Por Luis Córdova
Guillermo Lasso heredó unas anteojeras de las que no quiere desprenderse. Alarmado por la visibilización de la violencia criminal en las cárceles y en las calles desde el primer día buscó un diagnóstico, pero encontró unas anteojeras. Recuérdese la primera reunión con el Consejo de Seguridad Pública del Estado, la noche del 24 de mayo. Desde entonces, el relato y la praxis no han cambiado: la mayor amenaza a la seguridad pública y ciudadana es el narcotráfico y los encargados para enfrentarlo son los militares.
Lamentablemente no solo el diagnóstico es equivocado, sino que la intervención del problema también es errónea. ¿Por qué?
En primer lugar, porque la economía política de la criminalidad no se entiende narcotizándola. Al contrario, eso encubre una realidad que ningún gobierno quiere asumir. Cuando todo –o casi todo– se reduce al narcotráfico se deja por fuera el resto de las economías criminales, cuyos efectos sociales son más perniciosos.

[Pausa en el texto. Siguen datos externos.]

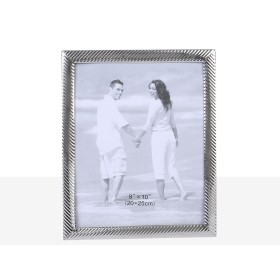 Cadre photo Romimex Argenté Métal 20 x 25 x 2 cm de Romimex, Cadres muraux et de table - Réf : D1620175, Prix : 19,60 €, Remi...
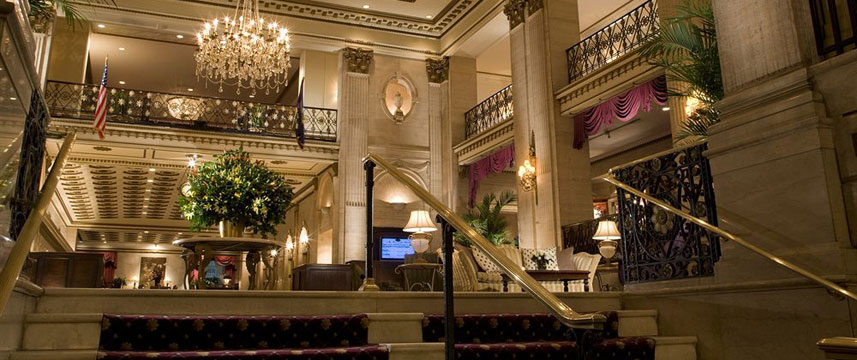 Roosevelt Hotel New York - Entrance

Durante los últimos veinte años Ecuador y América Latina han experimentado un vertiginoso desarrollo de mercados ilegales e informales. El boom de las materias primas que vivió la región, desde principios del siglo XXI, expandió la economía legal e ilegal. Incluso, en países donde se redujo la pobreza y el desempleo hay una mayor demanda de bienes ilícitos. Una paradójica situación que explica Marcelo Bergman en su obra More Money, More Crime. Prosperity and rising crime in Latin America (OUP, 2018).
Mientras el “narcotráfico” intoxica la agenda de seguridad del gobierno las organizaciones que operan otros mercados ilícitos crecen sigilosamente. Claro que hay nexos con el narcotráfico, pero eso no significa que la realidad siempre es gris. La política es el arte de diferenciar; pero cuando solo se dispone de un martillo a todos los problemas se les mira como clavos.
En segundo lugar, la intervención de los militares en el diseño de la política de seguridad pública crea puntos ciegos que el gobierno descuida.
Una de las economías criminales más arraigadas en el Ecuador es el tráfico de armas (https://www.planv.com.ec/historias/sociedad/ecuador-radiografia-del-crimen-organizado-y-sus-actores).Pero nada se dice al respecto desde el Palacio de Carondelet o la Recoleta. Tal vez porque tienen ropa tendida. ¿Quién ha estado a cargo del control de armas en Ecuador, al menos desde el 2011? ¿Quién es el mayor custodio de armas en el país? ¿Cuán eficiente han sido las Fuerzas Armadas en el control de armas? Son preguntas que merecen una respuesta, antes de reducir la problemática de la violencia criminal al narcotráfico. Porque los sicarios no usan pistolas de agua y las armas de fuego no caen del cielo.
En vez de exigir respuestas el presidente se pone sus anteojeras y se refugia en los militares. Desde la perspectiva democrática ceder el diseño de la política de seguridad interna a las Fuerzas Armadas no es una buena idea. Menos, cuando se usan como muletillas al “narcotráfico” y el “crimen organizado” en los discursos oficiales. Al hacerlo, los militares no solo ganan influencia sobre la autoridad civil, sino que la toma de decisiones se llena de sesgos y errores de percepción.
Recuérdese que en torno a la “guerra contra las drogas” hay un conjunto de intereses creados a nivel global, regional y local, por parte de las fuerzas de seguridad; lo que alimentan un círculo vicioso del que es muy difícil salirse. Colombia, México, Brasil o Filipinas pueden dar fehacientes testimonios al respecto. Los cuatro países han militarizado en distinto grado la “lucha antinarcóticos” y el resultado es elocuente: las economías criminales siguen boyantes en medio de un reguero de sangre.
Urge desnarcotizar la agenda de seguridad en el Ecuador y desmilitarizar la seguridad pública. El presidente Lasso está a tiempo para quitarse las anteojeras que le heredó Lenin Moreno y abandonar la política del caballo porfiado, que avanza raudamente sin mirar el contexto, ni aprender del pasado.